Peonies have been cultivated for more than 2,000 years, and are native to Asia, southern Europe and the western states of North America. The plants are three- to four-feet tall with a round shape, bearing lustrous, dark green foliage. Peony flowers are large and fragrant, smelling rather like roses, often blooming in late May and early June in northern climes. Early, mid-season and late blooming cultivars are available. In autumn, the foliage often takes on a reddish-maroon color.
The six-inch diameter blooms come in many colors including white, pink, red, maroon, yellow and bicolor. Peonies are classified into five types: single flower or Chinese, Japanese, anemone, semi-double and double. These groups are distinguished by the number of petals and the extent to which the stamens are petal-like.
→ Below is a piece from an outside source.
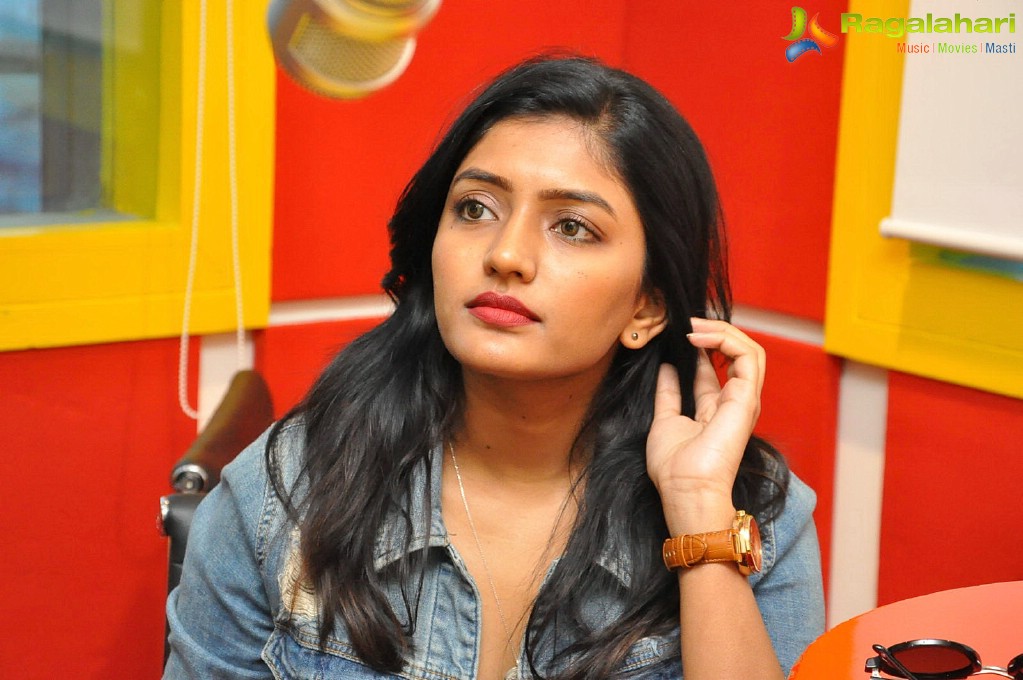 Eesha Rebba at Radio Mirchi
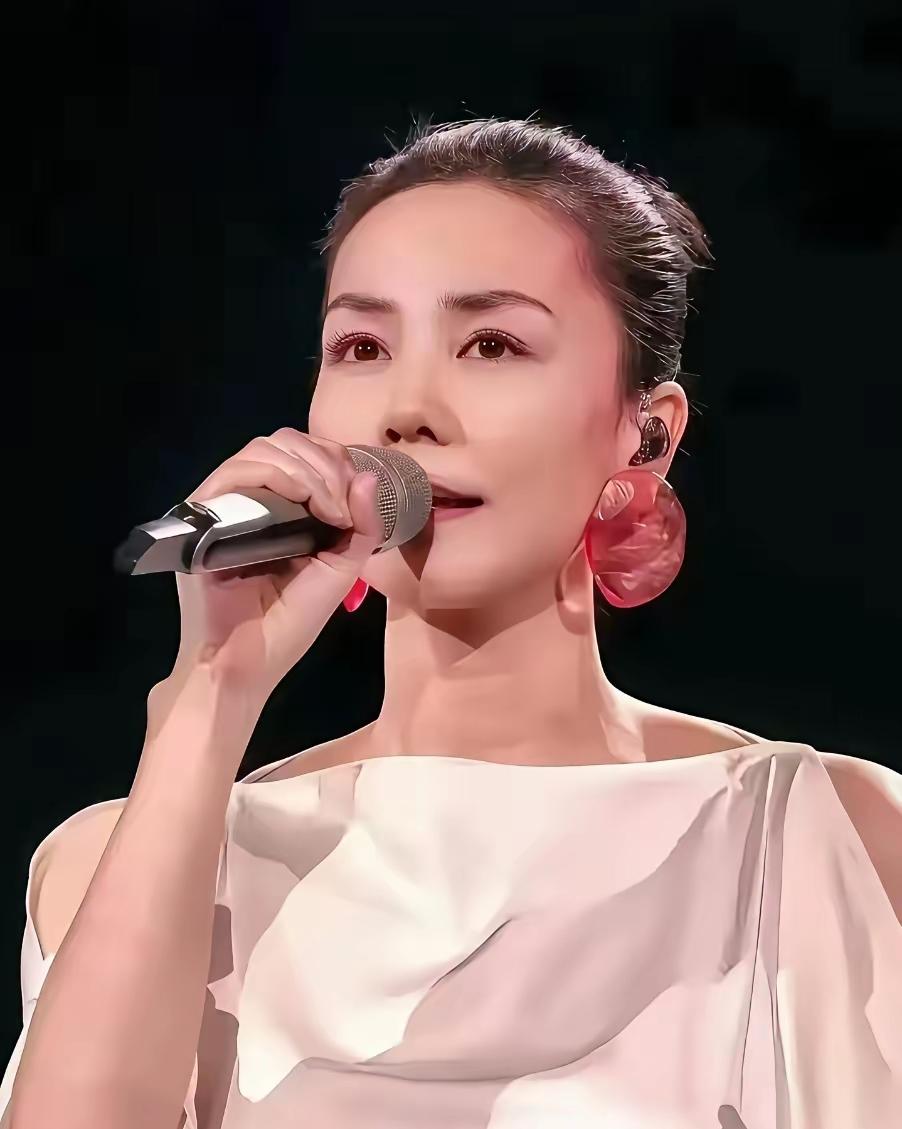 王菲与谢霆锋复合十二年仍未分开，无关婚书，只因灵魂相依。鸟巢他抬眼便能撞上她目光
Peonies do best in full sun or in light shade. They prefer rich, loamy, well-drained soil but will tolerate and bloom in heavier clay soils. Plant peonies about four feet apart due to their large mature size. Stake peonies early in the growing season since the flowers are very heavy and hold water, which causes them to flop over. Fertilize in the spring and mulch in the winter for best growth.
Peonies live for many years in a landscape and for optimal flowering
should be placed in permanent locations. If a peony fails to bloom after
three years in the same location, it is most likely due to being planted
too deeply. When planting, roots should be placed no more than one inch
below the soil surface. Ants are attracted to the nectar on the buds, but
are not necessary for the flowers to open. Peonies occasionally have problems
with spider mites and powdery mildew in Colorado.